TAKKEN
宅地建物取引士の問題解説
問題
法定相続分に関する次の記述のうち、民法の規定によれば最も適切なものはどれか。
- ア 被相続人に配偶者と直系尊属がいる場合、配偶者の相続分は2分の1、直系尊属の相続分は2分の1である。
- イ 被相続人に配偶者と兄弟姉妹がいる場合、配偶者の相続分は3分の2である。
- ウ 子が複数いる場合、長子の相続分は他の子の相続分より多い。
- エ 被相続人に配偶者と子がいる場合、配偶者及び子の相続分は、それぞれ2分の1である。
出典:オリジナル問題|参考範囲:民法・借地借家法・区分所有法・不動産登記法(2026年4月1日現在施行の法令)、国土交通省・法務省の公表資料、不動産適正取引推進機構の試験要綱・出題範囲
正解と解説
正解:被相続人に配偶者と子がいる場合、配偶者及び子の相続分は、それぞれ2分の1である。
解説:法定相続分は、遺言がない場合に誰がどれだけ相続するかをあらかじめ決めておくための物差しです。配偶者と子のときは各2分の1、配偶者と直系尊属のときは配偶者3分の2・直系尊属3分の1、配偶者と兄弟姉妹のときは配偶者4分の3・兄弟姉妹4分の1です。そして、同順位の子が複数いるときは原則として均等に分けます。したがって、エが最も適切です。
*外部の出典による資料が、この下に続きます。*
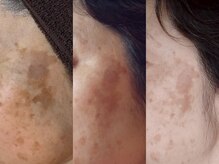 ヒロネイル アンド ビューティーサロン(hironail)の雰囲気（大人気フェイシャル！お肌のお悩みいつでもご相談ください）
| 相続人の組合せ | 配偶者の相続分 | 血族相続人の相続分 |
|---|---|---|
| 配偶者と子 | 2分の1 | 子 2分の1 |
| 配偶者と直系尊属 | 3分の2 | 直系尊属 3分の1 |
| 配偶者と兄弟姉妹 | 4分の3 | 兄弟姉妹 4分の1 |
同順位の血族相続人が複数いるときは、その相続分を原則として均等に分けます。
見分け方:「配偶者と子=各2分の1」「配偶者と直系尊属=3分の2と3分の1」「配偶者と兄弟姉妹=4分の3と4分の1」「同順位の子は均等」を押さえておくと迷いません。
他の選択肢はなぜ違う?
- ア配偶者と直系尊属が相続人のときは、配偶者の相続分は3分の2、直系尊属の相続分は3分の1です。それぞれ2分の1とするのは誤りです。
- イ配偶者と兄弟姉妹が相続人のときは、配偶者の相続分は4分の3です。3分の2とするのは誤りです。
- ウ同順位の子の相続分は原則として均等です。長子の相続分が他の子より多いとするのは誤りです。
この問題について
各法令の条文と試験範囲を参考に、Sikaku Master向けに独自作成した問題です。公式試験問題・過去問題の転載ではありません。
不動産適正取引推進機構の過去問題は無断転載が禁止されているため、本問は条文・制度に基づく独自問題として作成しています。